When freeze-dry is run from a more privileged environment, such as a browser extension, it could work around this issue, but this is not yet provided for.

Snapshot file size when using data URLs

Freeze-dry’s default behaviour is to inline stylesheets, images and other subresources into the HTML, by turning each into a data URL. Obviously, the resulting HTML file gets large. Expect a couple of megabytes for a typical obese website.

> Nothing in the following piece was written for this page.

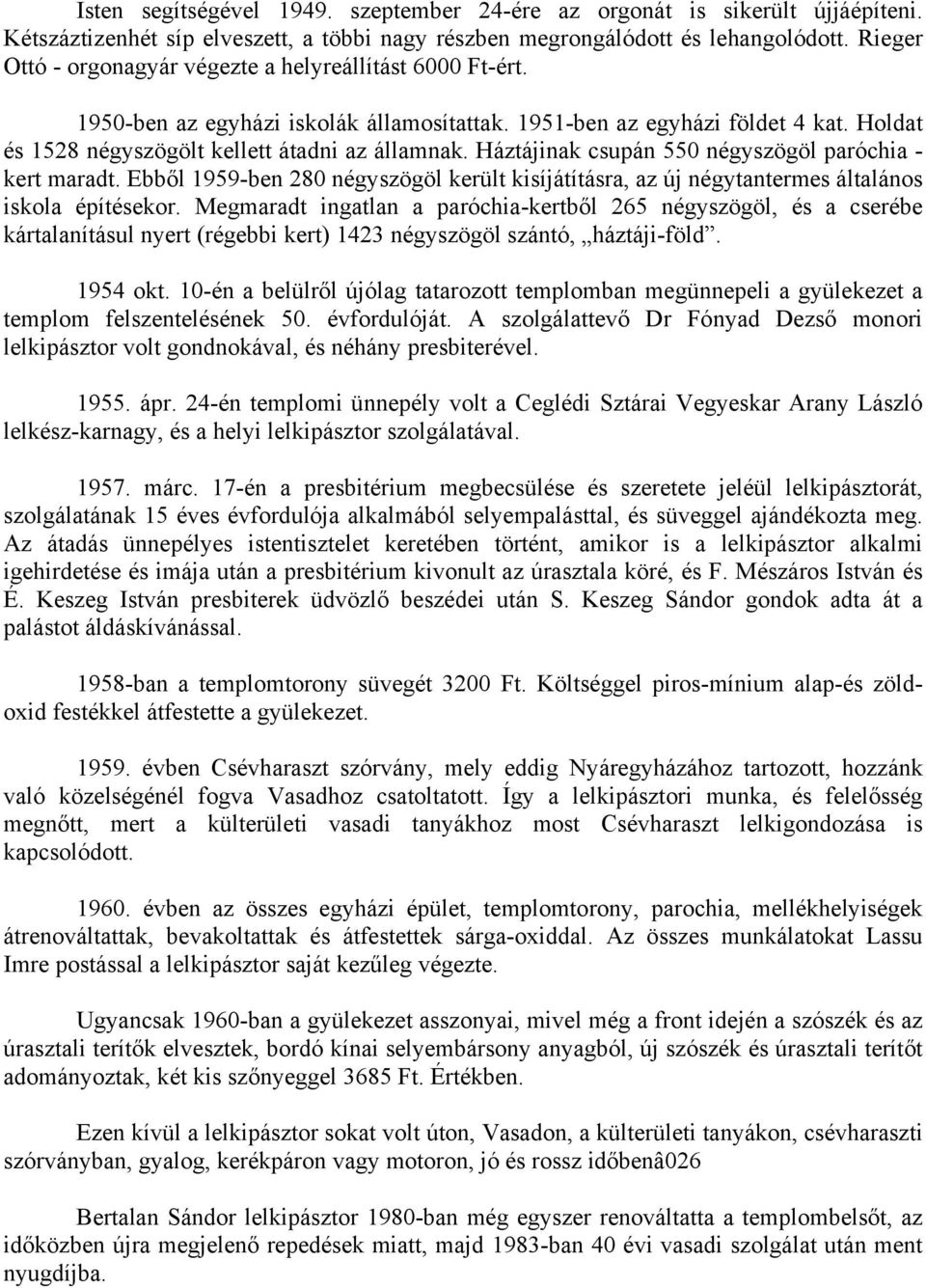 Háztájinak csupán 550 négyszögöl paróchia - kert maradt. Ebből 1959-ben 280 négyszögöl került kisíjátításra, az új négytantermes általános iskola építésekor.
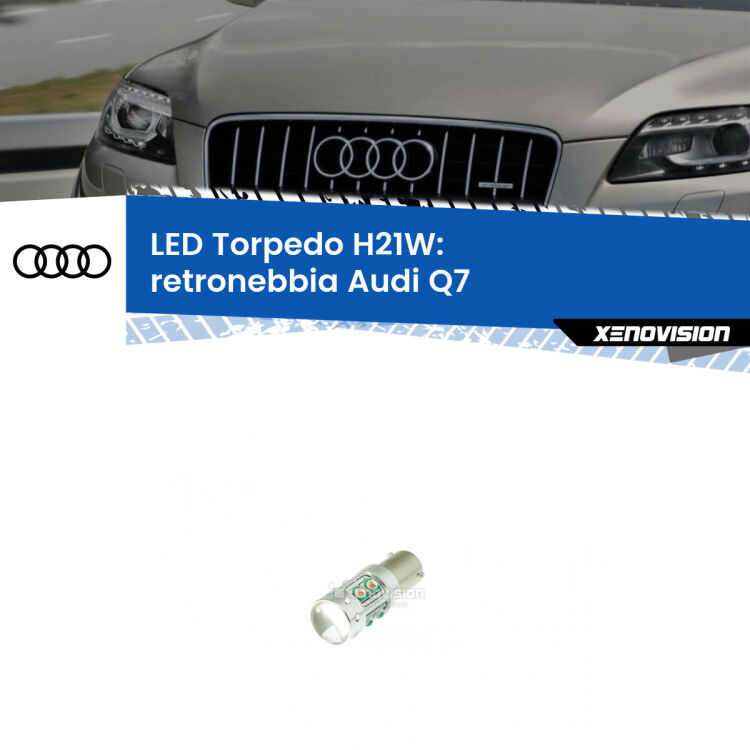 <strong>Retronebbia LED rosso per Audi Q7</strong>  2006 - 2015. Lampada <strong>H21W</strong> canbus modello Torpedo.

While the original specification of data URLs considered that they “are likely to be inappropriate” for anything larger than a few hundred characters, modern browsers can deal with much more than that.

Note however that the size is more than just the sum of the resources themselves: the base64 encoding takes one byte to encode 6 bits (= log₂ 64), so each subresource takes 33% extra space (exactly like it happens with email attachments).

Moreover, a sub-subresource will be base64-encoded twice, and so forth. For example, a background image in a linked stylesheet is encoded as a data URL:

background: cover url(data:image/png;base64,iVBORw0KGgoAAAANSUhE………iQAAAABJRU5ErkJggg==)

…and then the stylesheet is base64-encoded into the HTML:

<link rel="stylesheet"
    href="data:text/css;base64,QGltcG9ydCAnZGF0YTp0………PScpIHJlcGVhdDsKfQo="
    data-original-href="/style/style.css">

This background image size is thus grown by a factor 8/6 * 8/6 = 16/9 ≈ 78% overhead.

On the other hand, the removal of scripts from the page may hugely reduce the page size again.

The size overhead may be an acceptable cost for the benefit it provides: a webpage snapshot in a single file can easily be shared via e.g. email or usb stick, and can be opened in any browser.

However, if you use freeze-dry as a part of larger archival software, you likely want to store subresources individually (e.g. using content-addressed storage), and avoid duplicating subresources that are included by many pages. See the option newUrlForResource.